Because of these successes, we stand on the threshold of a new era. One in which in-space propulsion and power systems could grow to a scale and sophistication that would support human spaceflight and exploration.
NASA is currently developing in-space power and propulsion systems that are an order of magnitude more powerful than modern commercial systems.
Originally developed for the cancelled asteroid retrieval mission, this system will now be appropriately incorporated into NASA’s exploration architecture and may be used on NASA’s Deep Space Gateway.
Similarly, developing this technology has taught us valuable lessons that will inform the next generation of in-space propulsion, which will send humans to Mars. NASA’s Human Exploration Mission Directorate is supporting research on three new in-space propulsion technologies. These systems operate at hundreds of kilowatts of power which is another ten times more powerful than the systems under development for use around the Moon, and could be used on a Deep Space Transport system for missions to Mars and beyond.

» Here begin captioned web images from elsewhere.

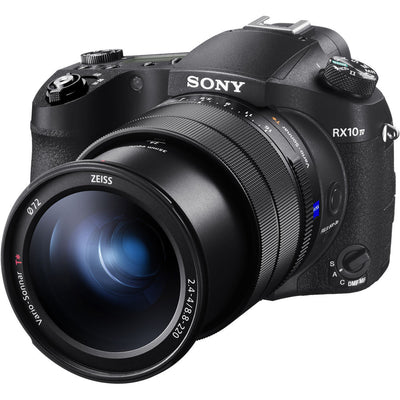Used Sony RX10 IV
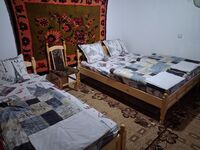 Гостевой дом Никифоровата къща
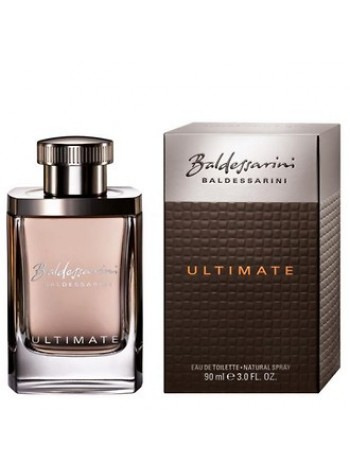 Baldessarini Ultimate туалетная вода 90 мл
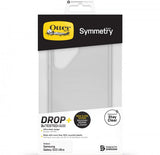 Otterbox Samsung Galaxy S23 Ultra Suojakuori Symmetry Clear Läpinäkyvä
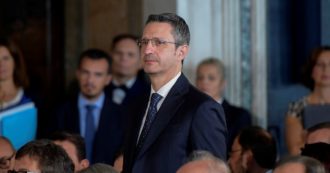 Copertina di “Attenti ai collegi per il Csm: penalizzano gli indipendenti”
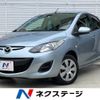 mazda demio 2013 -MAZDA--Demio DBA-DE3FS--DE3FS-549787---MAZDA--Demio DBA-DE3FS--DE3FS-549787- image 1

The next-generation in-space propulsion technologies under development by three of today’s witnesses will be critical to ensuring that the exploration of Mars is possible, sustainable, and affordable. I hope that their testimony can help the Committee better understand the unique mission options that each technology will offer.
As important as these developments are for the Journey to Mars, the most exciting payoffs may come from the ability to develop these new engines even further. As discussed in NASA’s Technology Roadmaps, scaling up the power levels another order of magnitude and building systems that will operate with thousands of kilowatts of power will significantly transform how humanity explores the solar system. These systems could even put the outer planets within reach of human explorers.
To be clear, these developments are not simply about human spaceflight; rather it is an across-the-board change in technology on par with the jump from sailing vessels and steam-powered ships. That long-term vision is still quite a ways off and will require further work, but the promise is exciting.
Smart investments, focused exploration goals, and constancy of purpose will maintain US leadership in not only in-space propulsion, but also space exploration more broadly.
Our witnesses today can help us better understand how all of these efforts fit together. I look forward to hearing about how in-space propulsion can expand our reach. Advancements in these technologies will literally open up a universe of possibilities.